◆ **INPUT FOR THIS TASK**
===============

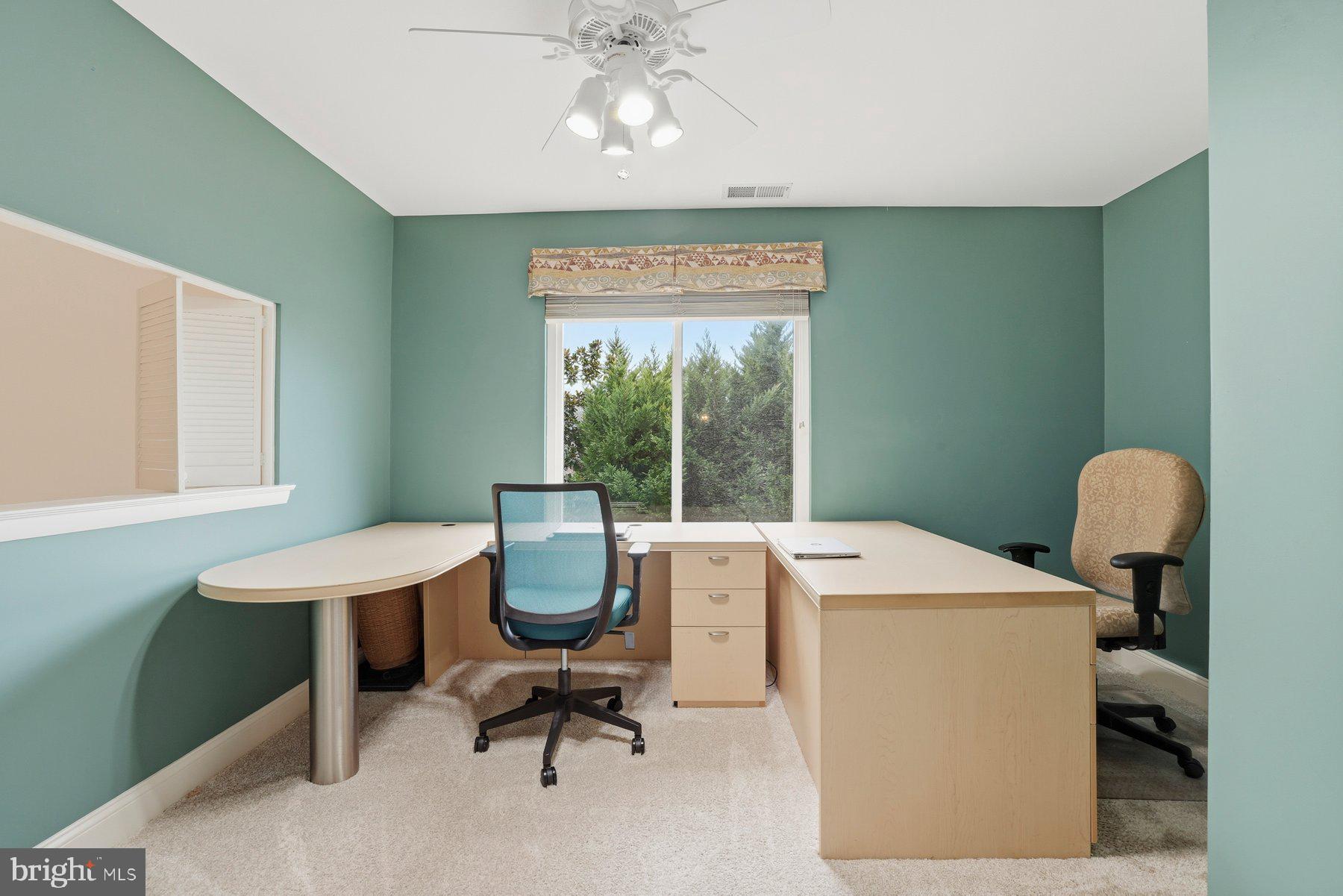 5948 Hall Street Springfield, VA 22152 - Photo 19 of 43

===============

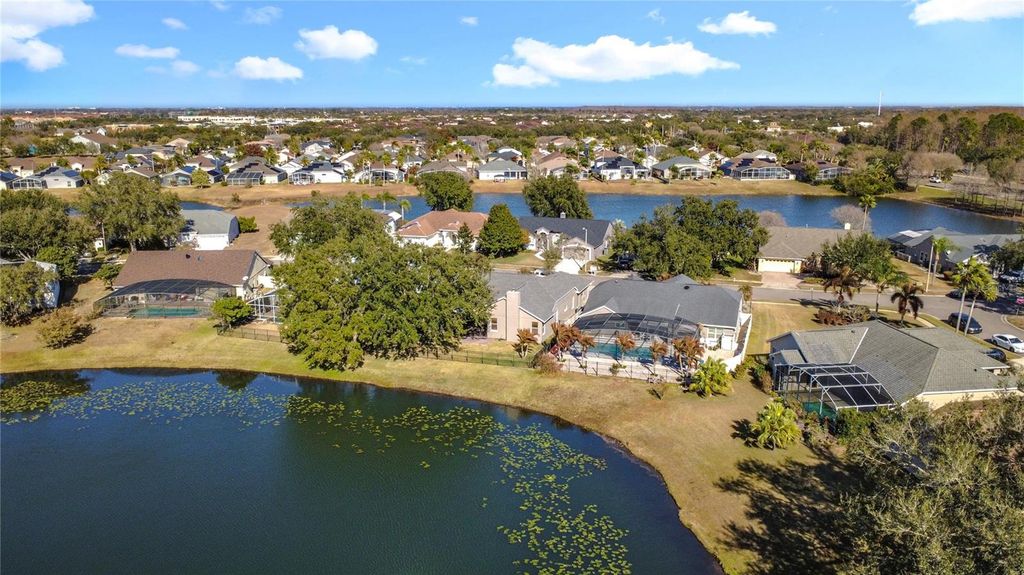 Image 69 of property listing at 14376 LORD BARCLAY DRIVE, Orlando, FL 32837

===============

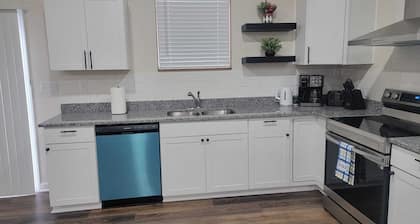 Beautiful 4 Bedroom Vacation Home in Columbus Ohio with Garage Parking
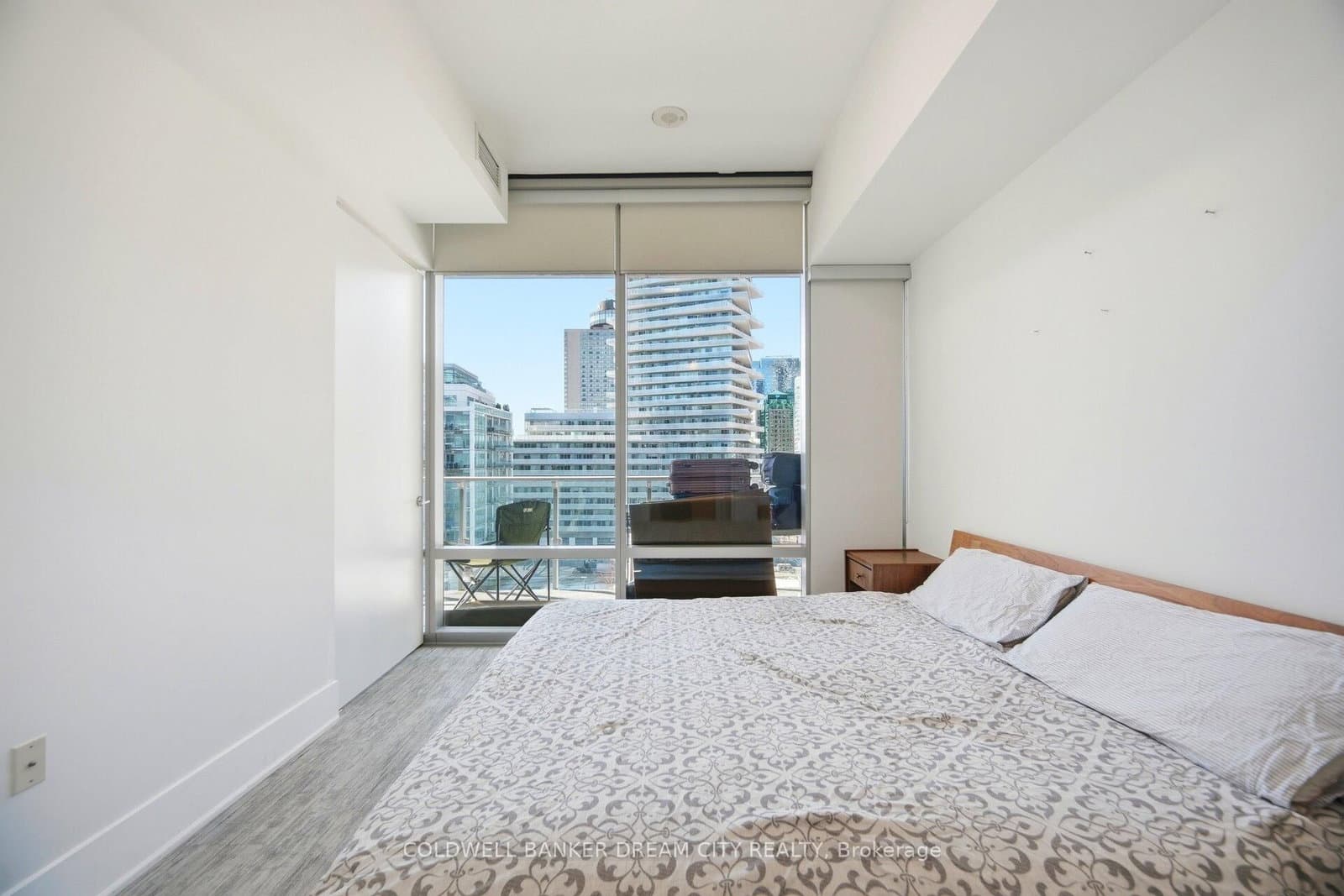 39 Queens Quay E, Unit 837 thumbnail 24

===============

◆ **EXERCISE DETAILS**
What is wanted is an exact copy of the lines above from the one containing "Beautiful 4 Bedroom" through the one containing "39 Queens Quay E, Unit 837 thumbnail 24", with no pictures in it.

◆ **RESPONSE TO THIS EXERCISE**
 Beautiful 4 Bedroom Vacation Home in Columbus Ohio with Garage Parking
 39 Queens Quay E, Unit 837 thumbnail 24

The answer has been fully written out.